GfK Custom Research has undertaken a similar exercise annually since 2003, asking respondents whether they trust the clergy and other groups or not. But GfK has polled internationally and not just in Britain.

Most recently GfK surveyed 15 European countries (including by telephone in the UK) and the United States, Brazil, Colombia and India in February and March 2010 on behalf of the Wall Street Journal Europe, with an average of just under 1,000 interviews in each nation.

GfK has issued a press release about the 2010 survey, which will be found at:

http://www.gfknop.com/imperia/md/content/gfk_nop/newsandpressinformation/100609_pm_trust_index_2010_fin.pdf

Unfortunately, it does not feature any of the UK results.

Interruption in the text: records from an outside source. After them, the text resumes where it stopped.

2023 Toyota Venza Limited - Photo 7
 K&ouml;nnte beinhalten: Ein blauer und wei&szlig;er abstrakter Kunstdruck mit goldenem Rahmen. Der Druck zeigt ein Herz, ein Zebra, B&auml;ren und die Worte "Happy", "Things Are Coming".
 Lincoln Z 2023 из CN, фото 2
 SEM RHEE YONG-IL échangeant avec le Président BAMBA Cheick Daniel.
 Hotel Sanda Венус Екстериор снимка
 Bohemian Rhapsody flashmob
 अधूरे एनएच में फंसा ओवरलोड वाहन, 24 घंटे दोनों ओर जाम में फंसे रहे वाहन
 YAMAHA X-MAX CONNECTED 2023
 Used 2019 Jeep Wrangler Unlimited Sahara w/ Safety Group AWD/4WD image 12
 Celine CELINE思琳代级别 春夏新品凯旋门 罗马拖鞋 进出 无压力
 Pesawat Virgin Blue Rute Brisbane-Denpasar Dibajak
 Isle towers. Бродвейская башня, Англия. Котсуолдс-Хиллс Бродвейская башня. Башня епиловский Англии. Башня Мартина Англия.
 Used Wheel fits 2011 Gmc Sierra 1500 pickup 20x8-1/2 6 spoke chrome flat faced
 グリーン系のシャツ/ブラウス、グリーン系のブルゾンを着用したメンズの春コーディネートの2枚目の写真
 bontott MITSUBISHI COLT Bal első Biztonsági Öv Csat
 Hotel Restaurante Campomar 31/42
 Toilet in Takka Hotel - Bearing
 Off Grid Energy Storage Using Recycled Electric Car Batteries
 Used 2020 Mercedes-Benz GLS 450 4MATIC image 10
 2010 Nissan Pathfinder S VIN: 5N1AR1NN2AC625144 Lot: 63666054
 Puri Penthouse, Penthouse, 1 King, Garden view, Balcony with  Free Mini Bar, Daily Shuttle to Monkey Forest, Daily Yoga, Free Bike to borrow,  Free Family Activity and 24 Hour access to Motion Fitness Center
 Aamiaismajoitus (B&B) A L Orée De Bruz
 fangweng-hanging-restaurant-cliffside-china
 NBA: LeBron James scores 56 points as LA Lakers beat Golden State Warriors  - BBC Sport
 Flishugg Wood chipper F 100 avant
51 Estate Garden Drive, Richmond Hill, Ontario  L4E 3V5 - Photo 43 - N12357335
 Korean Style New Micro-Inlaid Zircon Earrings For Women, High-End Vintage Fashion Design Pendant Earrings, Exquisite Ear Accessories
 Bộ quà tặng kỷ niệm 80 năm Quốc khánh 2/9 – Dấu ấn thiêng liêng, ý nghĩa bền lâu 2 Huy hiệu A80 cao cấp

However, some of these have been made available exclusively to British Religion in Numbers by Mark Hofmans of GfK Custom Research and are quoted here with his kind permission.

Across all countries, trust in the clergy stands at 58%, the range being from 33% in France to 86% in Romania. In the UK the figure is 63%, the highest in Western Europe (and 15% above the sub-continental average), closely followed by Sweden on 62%.

But UK citizens’ trust in the clergy is far less than in doctors (85%), the army (85%), schoolteachers (84%) and policemen (73%), although it exceeds confidence in lawyers (48%), managers of large enterprises (34%), journalists (21%) and politicians (14%).  

GfK report that, internationally, trust in the clergy declined by 8% between 2009 and 2010, from 66% to 58%, and by as much as 17% in Germany, which GfK largely attributes to the adverse publicity surrounding the abuse of children and young people by Roman Catholic priests and the Church’s perceived inadequate response to these events.

In the UK the fall from 2009 to 2010 was only 3%, perhaps reflecting the fact that the Roman Catholic Church in Britain has been somewhat less caught up in the scandals than its counterparts in Ireland and continental Europe. The 66% having trust in the clergy in the UK in 2009 was also 6 points higher than in 2008.

Although somewhat less that the number of Britons telling Ipsos MORI that they trust the clergy to tell the truth (71% in 2009), and notwithstanding a continuing trickle of ‘naughty vicar’ stories in the media (the latest about sham marriages), the GfK figure of 63% in the UK having confidence in the clergy is still surprisingly high (and not far behind the United States on 69%).

How do we interpret this? Is the lingering respect for clergy a recognition of the influence which they exercise in the leadership of the local communities which they serve, or do we still derive comfort from the knowledge that the clergy of all denominations and faiths set a lead in religious commitment and moral standards which the rest of us will but imperfectly follow?